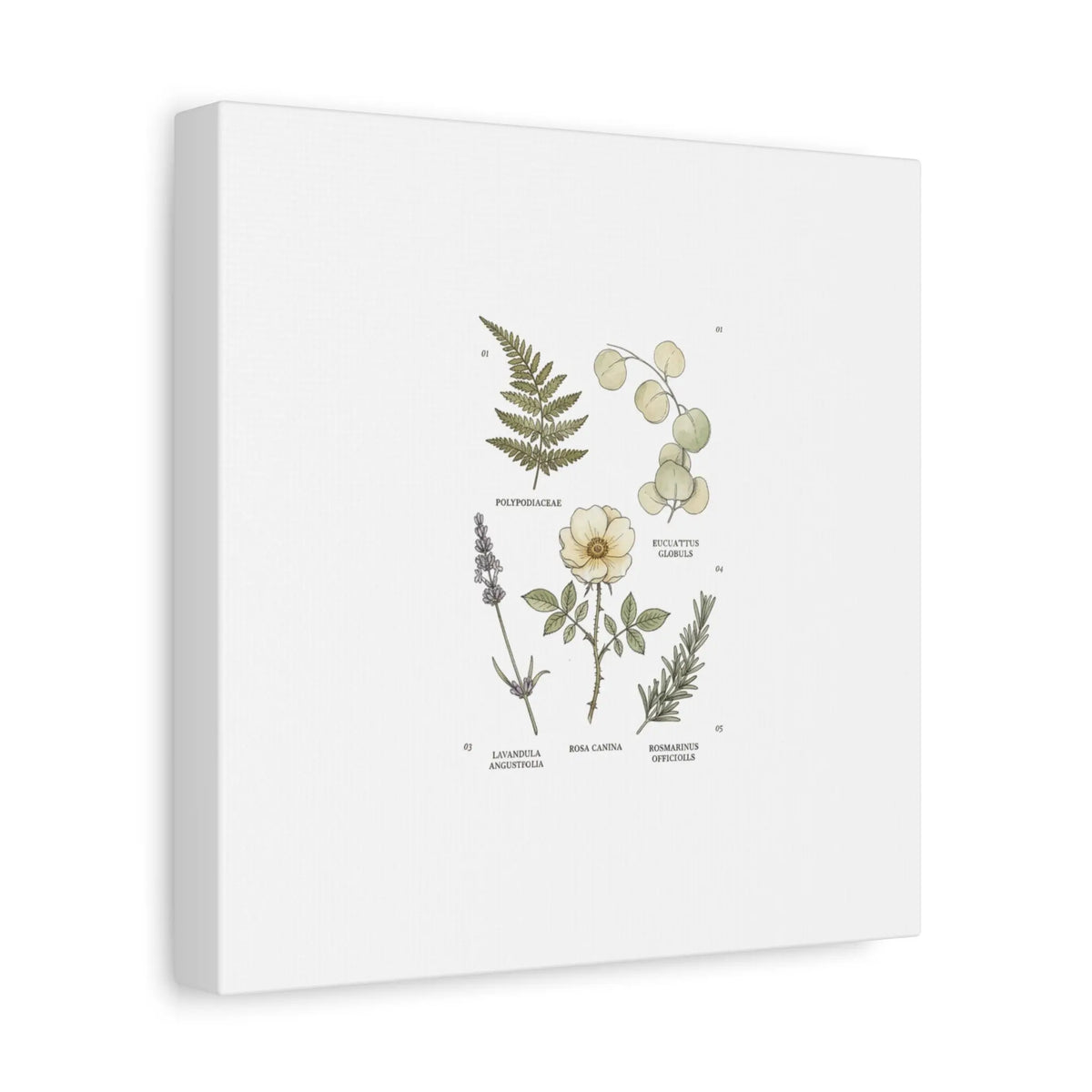 Botanical Illustration Canvas | Herbarium Wall Print, Vintage Plant Diagram Printify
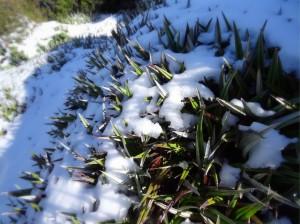 Mount-Field_national-park_bush-and-snow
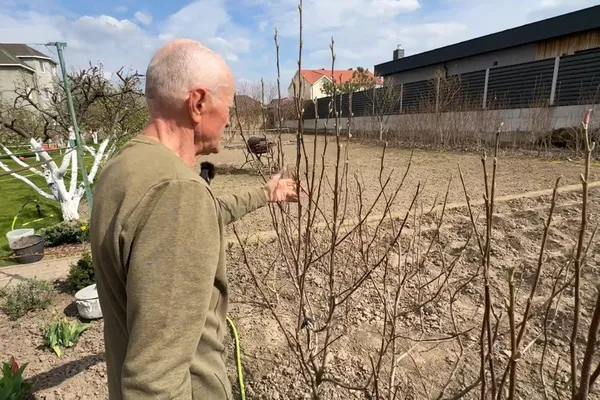 Під Луцьком 74-річний господар вирощує сотні магнолій (фото, відео)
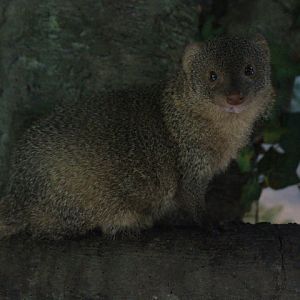 Sumatran mongoose (Urva javanica rafflesii) looking at the camera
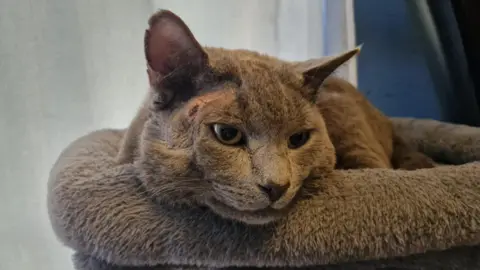 Supplied A grey cat with an injury near his right eye, sitting down on a cat bed, with most of his head and part of his body in the picture. He is looking slightly to the right. Some of his fur above his eye has been shaved.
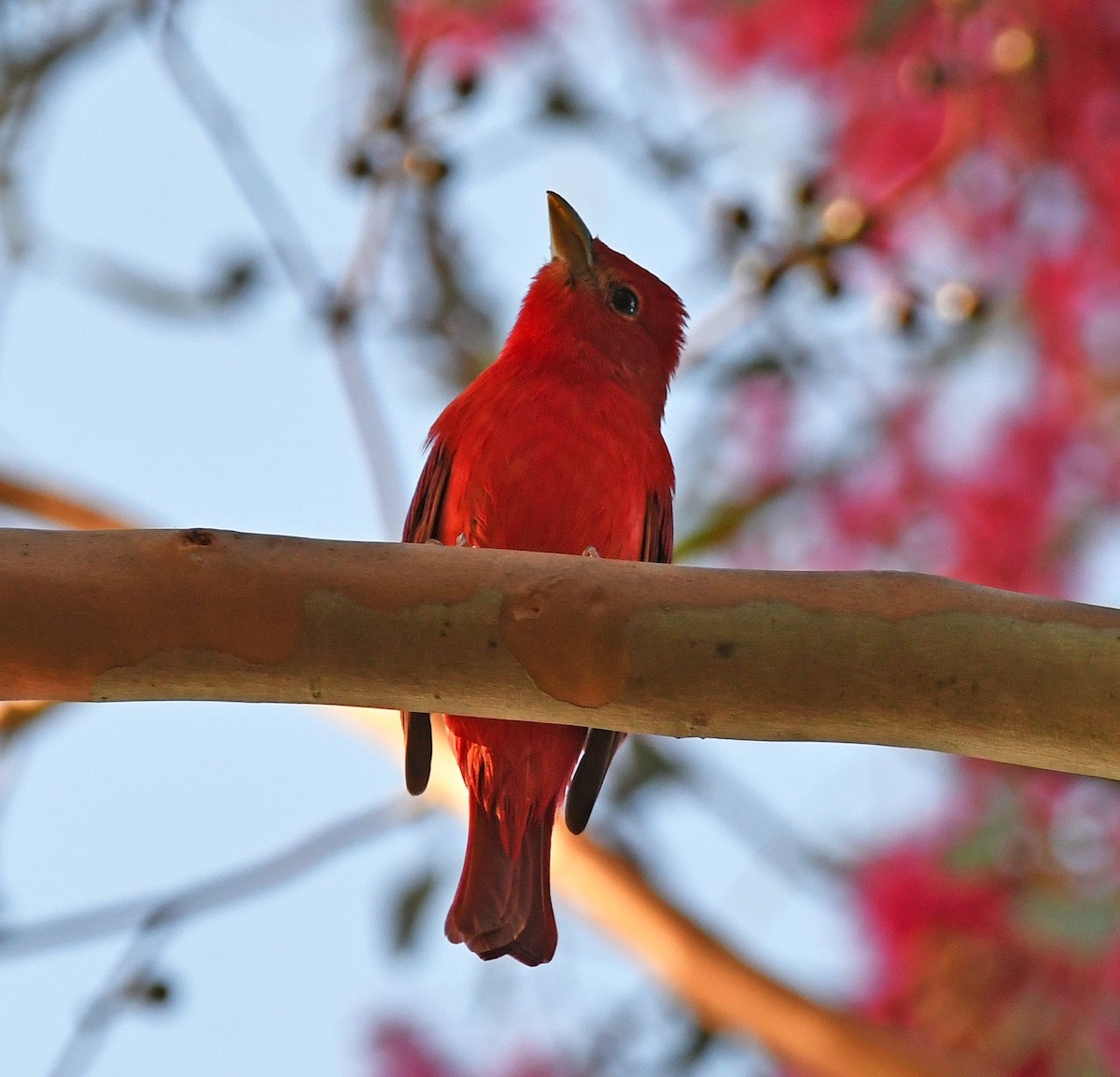 Summer Tanager - ML192870571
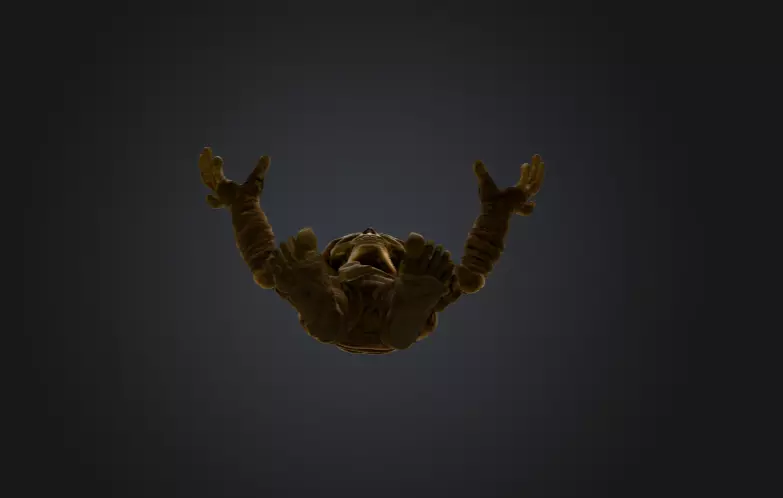 Skeleton Mummy Adventurer 3D model_16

THE PROBLEM:
In the answer, retype exactly and only the lines from the one holding "Summer Tanager - ML192870571" through the end of the listing, keeping both ends and dropping every picture.

SOLUTION FOR THIS TASK:
 Summer Tanager - ML192870571
 Skeleton Mummy Adventurer 3D model_16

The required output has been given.